When a Christian assembles with the saints on Lord's day morning, has he not done all that God requires of him so far as attendance of services is concerned?
Is there a positive commandment that says that the Christian must be present at meetings other than the Sunday morning worship service? How much of a Christian's time is required in order to avoid the wrath of God?
Would one be eternally lost because of failure to attend the services of the church other than the public worship assembly on the Lord's day?
Where is the chapter and verse which demands that Christians attend other services?
These questions are frequently asked, and sometimes they are found on the lips of very sincere church members. If you will examine the questions carefully, however, you will detect in them a pattern that represents a deadly philosophy that has gripped the hearts of many church members and which, unless repudiated, will in time snuff out all semblance of spiritual life. For that reason they demand our sober consideration. They reveal a misunderstanding of the mission of the church, and inadequate conception of the purposes and scope of Christianity, and a fear-ridden attitude that views Christianity as more of a burden than a blessing.
The Mission Of The Church: -- It is the mission of the Lord's church to save the lost. The saving of the world is the most pressing problem facing mankind. The human race is rapidly moving toward the precipice of disaster and ruin. It can be saved only by the pure, unperverted and full Gospel of Christ. That is not simply a pious statement of some remote ideal. It is the truth -- God's Truth, the Gospel Truth.
If the blood and tragedy of the last two wars have not taught us that carnal force will not save civilization, then we are exceedingly stupid. "But it saved us from Hitler and Mussolini!" Yes, it saved us from these evil men that we might face another evil man, Stalin!
If Stalin and his bloody henchmen were destroyed tonight their departure would not permanently solve a single fundamental problem.
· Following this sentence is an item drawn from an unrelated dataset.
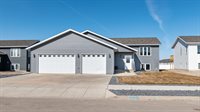 3507 Lyons Avenue, Dickinson, ND 58601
Before the sun rises tomorrow there would be someone to take their places -- if not in Russia, then somewhere else in this greedy, sinful world.
The world cannot be saved by destroying evil men. It can be saved only by destroying the evil in men. The Gospel of Christ is the only force that can drive evil out of the hearts of men, and the Lord's church is the only institution ordained of God to propagate this mighty Gospel.
How The Church Is To Function In Order To Save The World?:- To the end that the world may be saved, God has placed a three-fold responsibility upon the church.
1. To preach the gospel to the alien sinner that he may be saved from his past sins. The gospel is God's power to save. (Rom. 1:16). Only through the salvation of individuals can the world be saved. When one is converted to Christ, his heart is attuned to the heart of God, and he is at peace with his brethren and with his fellowman.
2. To preach the gospel to the Christian that he may be strengthened in the faith. (Heb. 6:1,2; 4:11-15; 5:12-14). Being a Christian is a matter of growing in grace and in the knowledge of Christ. To be a fruitful Christian, one's faith must be strengthened and increased. He must go on to better things, advancing toward spiritual maturity.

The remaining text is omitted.